My writings about baseball, with a strong statistical & machine learning slant.

Monday, December 28, 2009

An obvious idea about IP distributions

Having finished "The Girl With the Dragon Tattoo," last week, and having no more pleasure reading left, I resorted to reading a short statistics text that I brought along for my trip. I studied various maths for many years, but my formal knowledge of statistics is limited to two semesters as an undergrad, as well as some physics labs, which I did not fully appreciate at the time. Nowadays, when working with baseball data (sometimes using Excel), I wish that I had kept my notes from experimental physics lab ten years ago!

In any case, early in the statistics book I stumbled on a simple comment in relation to non unimodal distributions: the author casually noted that most of these distributions are actually distributions of sums of multiple random variables. Well pitcher IP (innings pitched) is not really a random variable with a (skewed) normal distribution, but it can well be described as the sum of two other variables: starting innings pitched and relief innings pitched. Of course, the accumulation of a pitcher's starting and relief innings is not unrelated. However in today's game, these can well be treated as separate variables. Except for playoff situations, pitchers are always either starters or relievers (or not on the active roster) at a particular stretch of the season. The Yankees' Joba Chamberlain & Phil Hughes drama from this season would be a recent example of this property. So both IP_start and IP_relief may reasonably predicted based on a pitcher's time spent in each role, as well as his success, durability, manager's preference, etc. Unfortunately, as of now, there is no possibility to see how many games a pitcher was available as a starter or reliever throughout the season. But conceptually, this idea is possible it today's game.

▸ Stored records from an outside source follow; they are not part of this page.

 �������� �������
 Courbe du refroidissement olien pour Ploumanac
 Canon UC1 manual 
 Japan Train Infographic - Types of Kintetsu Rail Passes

Each of those distributions (IP_start and IP_relief) is itself bimodal, with peaks at 0 IP, and at around 200 IP for IP_start and around 65 IP for IP_relief. Still, these distributions are simpler than the trimodal distribution for total innings pitched.

Now that I think of it, I'm not sure why I didn't try to predict IP_start and IP_relief separately before. From the beginning, I thought about pitcher roles/usage in predicting IP, but I didn't think categorizing pitchers into starter & reliever would be useful, beyond what already evident from previous years' data. I still think that was the right idea, but predicting IP_start and IP_relief is another idea that makes more sense. I am not chopping the pitchers into starters and relievers, but rather I am computing two aspects of a pitcher's ability to contribute toward his own usage. Both Mariano Rivera and Josh Towers can be predicted to have few IP_start, but for different reasons. Similarly, we will expect both CC Sabathia and Kei Igawa to have few IP_relief, but again for different reasons.

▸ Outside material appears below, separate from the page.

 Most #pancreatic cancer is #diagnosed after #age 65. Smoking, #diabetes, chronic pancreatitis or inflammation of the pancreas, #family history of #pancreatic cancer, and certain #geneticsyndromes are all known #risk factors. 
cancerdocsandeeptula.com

I have some preliminary tests showing that even a linear combination of features can predict IP_start at a much better error rate (ie correlation between predictions and actual values on a test set) than I am currently doing in the "one size fits all" IP model. Predictions for IP_relief are tougher, and would be expected (especially since I am including pitchers with a very low IP in my model, where variance is very high). Still, predicting IP_start very accurately will be useful. Also, the features used for IP_start and IP_relief prediction are different, so the combined model (ie summing IP_start and IP_relief predictions) will lead to a straightforward non-linear model for total IP, which could be much more predictive.

I should have concrete results soon. Tomorrow, I am supposed to spend a day seeing the Great Ocean Road east of Melbourne. So maybe I'll have something to show the day after.

Sunday, December 27, 2009

Pitcher repertoire depth: a measure of "how many pitches" he throws.

In my K9 estimates, I use two statistics that I call "rep_depth" and "rep_offerings." Let me explain what this is all about.

Leading up the this year's NL Cy Young voting, I was reading some discussions about whether Tim Lincecum or Adam Wainwright has a deeper arsenal of pitches. The implied assumption seemed to be that throwing only two pitches regularly is a bad thing. Those taking part in the discussion threw around nuggets like "Lincecum throws 4 pitches at least 5% of the time" or other such ad hoc stats using arbitrary cutoffs. I thought I'd try to come up with something more systematic.

FWIW, Lincecum's and Wainwright's pitch frequency breakdowns can be seen on FanGraphs. It is clear to me that Wainwright has a deeper arsenal (although not by much). It's not clear how much this matters as far as effectiveness goes, but the point here is to apply numbers to a concept that people use, not so evaluate the utility of the concept itself.

Most pitchers throw anywhere from 1 to 6 pitches (with non-trivial frequency) according to FanGraphs pitch data. Someone who throws two pitches 50-50 is a two pitch pitcher. Easy enough. However, I think that most people would say that someone who throws two pitches at a 90-10 ratio is a one-pitch pitcher. Similarly for a 80-10-10 pitcher. However someone who throws three pitches in a 60-20-20 ratio is a three pitch pitcher. Also someone who throws two pitches at a 70-30 ration is a two pitch pitcher, but still has a less balanced repertoire than the hypothetical 50-50 pitcher.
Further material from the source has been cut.